Construire un monde auditif

Par Isabel Goguen

Lorsqu’une catégorie enlève un élément du jeu, c’est pour en faire briller une autre. La catégorie sans image propre au jeu en ligne, et son cousin du match en personne la radiophonique, forcent les joueurs à laisser de côté l’aspect visuel de l’impro et construire un monde auditif.

Lorsqu’une équipe présente une impro ayant une structure semblable à la libre typique, éliminant simplement le visuel, elle doit puiser dans les leçons apprises de la sans paroles et de la fixe afin de choisir une prémisse qui met en valeur les voix et les bruits. Les joueurs doivent reconnaître les opportunités sonores dans le lieu et la situation pour fournir au public les informations nécessaires pour comprendre ce qui se déroule, et ce, sans sur-expliquer. Vu que le public est entièrement dépendant des paroles et des sons pour capter l’histoire, les joueurs sont en quelque sorte en contrôle de ce qui est révélé et de ce qui demeure caché. Ils peuvent donner des détails, petit à petit, laissant les spectateurs mettre les morceaux ensemble progressivement, les gardant investis dans l’histoire et ses personnages. Le public vit un énorme plaisir lorsqu’il réalise soudainement, par lui-même, où l’impro se dirige. Une idée tentante est de livrer une impro où les personnages, comme le public, ne voient pas ce se passe, comme lors d’une panne d’électricité. Quoique cette idée peut être amusante, elle peut également être un piège qui nous guide vers la confusion, le cliché et la répétition. Quand on enlève l’image, on peut se lancer dans n’importe quel scénario sans les contraintes physiques et technologiques habituelles. Il ne ne faut donc pas avoir peur de s’aventurer vers de lieux et situations mouvementées pleines d’actions. Le contraste entre le visuel manquant et les sons d’une scène d’action peut créer un effet humoristique ou un suspense additionnel.

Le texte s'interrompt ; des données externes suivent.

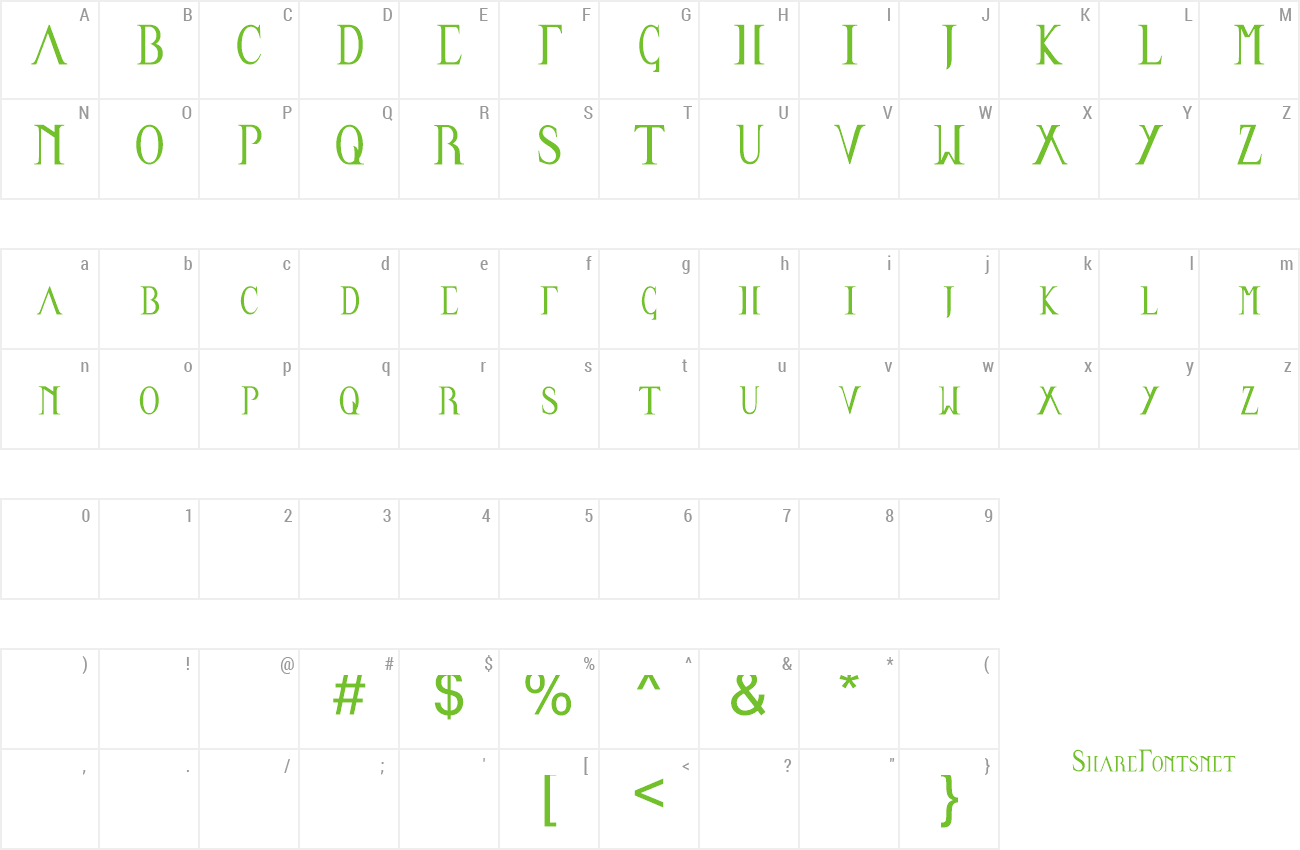 Font Times Decaying Romans preview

On peut également prendre notre inspiration d’un médium déjà centré sur la voix, par exemple une émission de radio ou un podcast. Ces formats sont une façon efficace de structurer une impro axée sur une conversation. Choisir le sujet ou le concept de l’émission lors du caucus est essentiel pour ajouter un focus et une direction à ces impros, ainsi que permettre d’établir un ton dès le début. L’approche des animateurs sera différente dans un podcast qui parle d’extra-terrestres, dans une entrevue radio qui discute avec un politicien, ou encore si c’est un pirate qui vole une fréquence radio pour diffuser son émission. En faisant des choix dès le début, le reste se construit à partir de cette base solide. Ce type de médium ne se limite pas aux entrevues et aux podcasts. Une équipe pourrait plonger dans une pièce de théâtre radio qui met en scène des comédiens offrant leurs voix aux personnages, une personne qui crée des effets sonores, et un lecteur de didascalies. Une équipe pourrait même explorer le concept d’un livre en format audio.

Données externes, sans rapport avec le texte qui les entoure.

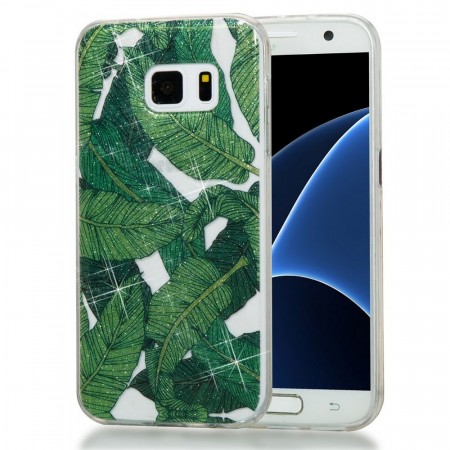 TPU Deksel Samsung Galaxy S7 - Plants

Il y a des options qui ont un pied dans chaque approche, par exemple une conversation téléphonique ou par émetteur de radio (C.B.), un grand-père qui lit un livre à ses petits-enfants qui interviennent ici et là, ou un monologue des pensées d’un personnage qui nous informent doucement de la situation qui évolue autour de lui. Ce sont des impros qui empruntent aux structures des médiums plus formels, tout en intégrant des personnages dans leur vie privée qui s’exprime naturellement.

La sans image est une catégorie qui invite les joueurs à réfléchir à l’impro en utilisant l’aspect sonore comme point de départ. Le son, dans toutes ses formes, devient le moteur de l’histoire, ce qui oriente les actions et les personnages, et permet au public de vivre une impro différemment.